As young toddler's attention span is limited pause often and ask questions as you read through the book. Help them to connect to the story by asking how they feel about a particular situation or event in the book or how they would have handled a situation. Good choices are stories that present the opportunity to teach your child a life lesson. There are numerous books available that illustrate the importance of not littering or of being kind to animals, helping your parents to name a few.
The one-on-one conversations provide you with an ideal opportunity to pick up on anything that may be bothering your toddlers. Encourage them to discuss their day . This is the ideal opportunity for you to start to build an open relationship with your child that if nurtured will continue to grow throughout their lives. This is the time of day to say "I love you, unconditionally and I am here for you." Build their self esteem and bring a positive influence into their lives. We all need more positive people around us in the world today.

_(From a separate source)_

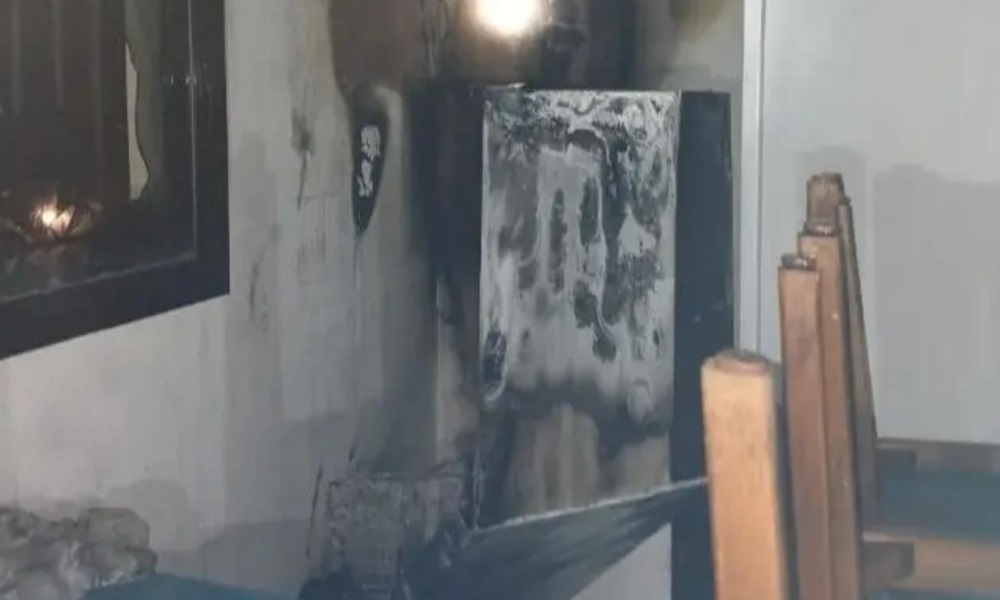 حالة اختناق نتيجة حريق شقة في كفرزبد 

Recommended Reading For Toddlers
My favorite author of toddler books is Margaret Wise Brown and in particular the following:-
• Goodnight Moon, by Margaret Wise Brown, illustrated by Clement Hurd
Margaret's books have been delighting children for years and Goodnight Moon is no exception as it tells the tale of the bunny rabbit that each evening performs his daily ritual of saying goodnight to every object in his room, including "a comb, and a brush, and a bowl full of mush." The illustrations fade in accordance with the story and vibrantly colored illustrations fade slowly to pale shades of gray as the bunny gets sleepy. Excellent book with magnificent illustrations and a prefect bedtime story.
• The Big Red Barn, by Margaret Wise Brown, illustrated by Felicia Bond
This is an ideal book for those of you looking for rhyming books. It tells the story of a day in the life of a group of farm animals with simple rhymes that small toddlers will enjoy. Beautifully illustrated this book tells of a mouse that is born in the field and how a pig learns to squeal and right at the end of the book all the animals snuggle down to sleep with their parents. A delightful book to set the mood for bedtime.

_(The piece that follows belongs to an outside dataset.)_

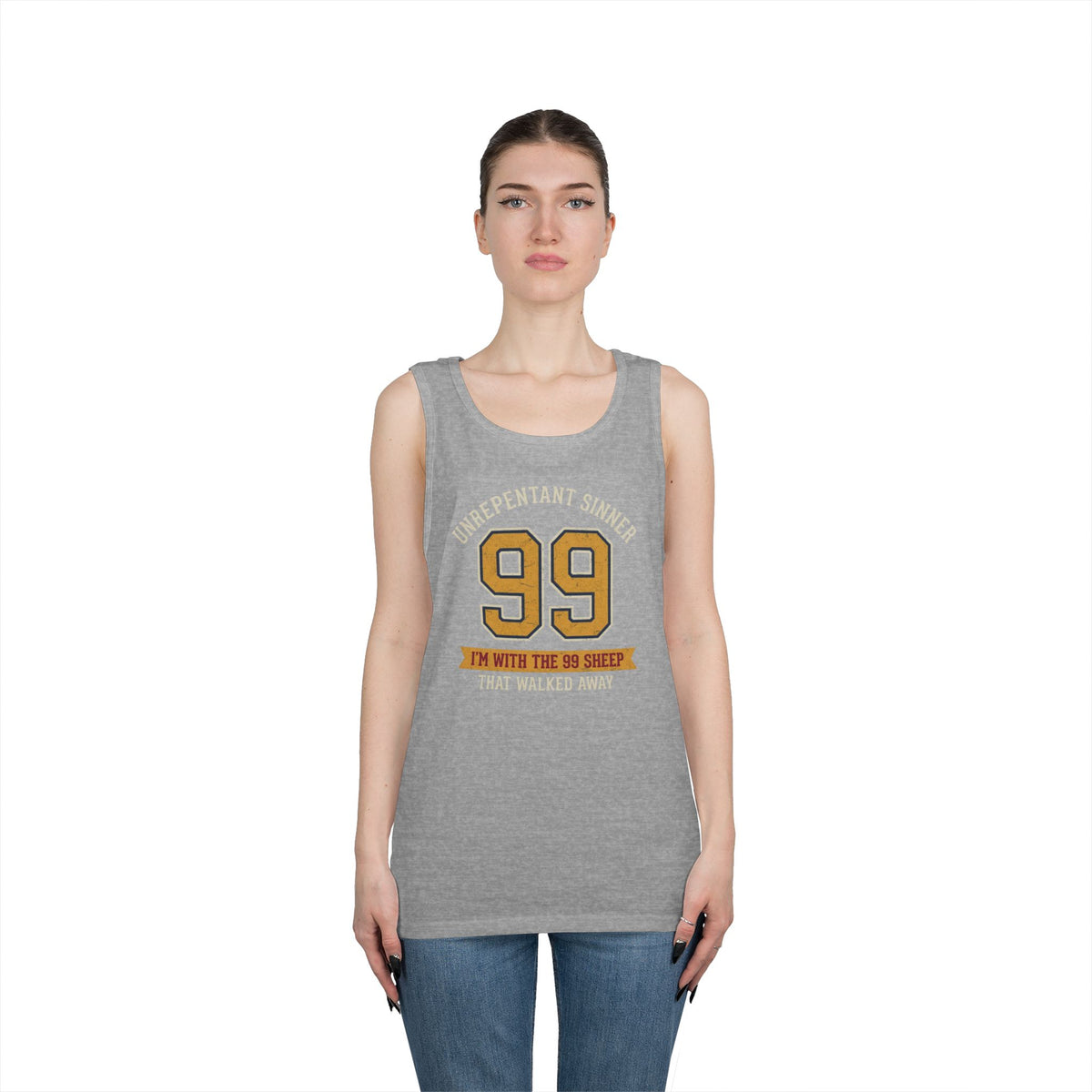 "Good Book Series 99 Unrepentant Sinner" Tank Top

• The Runaway Bunny, by Margaret Wise Brown, illustrated by Clement Hurd
This story is about the unconditional love of a mother for her child and is an absolute winner on those days when your toddler needs some re-assuring. It is about a young bunny that threatens to run away and become a rock ... a fish ... a flower ... Mother Rabbit decides to join him in his adventures and assures him that no matter where he goes she will follow. The story is told in soothing rhythms - and is recommended reading to help your toddler to fall asleep feeling safe and loved.
• Mama, Do You Love Me?, by Barbara M. Joose, illustrated by Barbara Lavallee
This book by Barbara M Joose has basically the same theme as The Runaway Bunny but instead of a Bunny the main character is a little girl. Instead of threatening to run away this little girl asks a series of questions all relating to her mother's undying love and the mother's answer remains the same "I will love you, forever and for always, because you are my dear one." Some of the questions have a dash of humor while others are associated with everyday occurrences such as " What if I broke something?" or "What if I played trick on you". This book is highly recommended - both for adults and toddlers alike.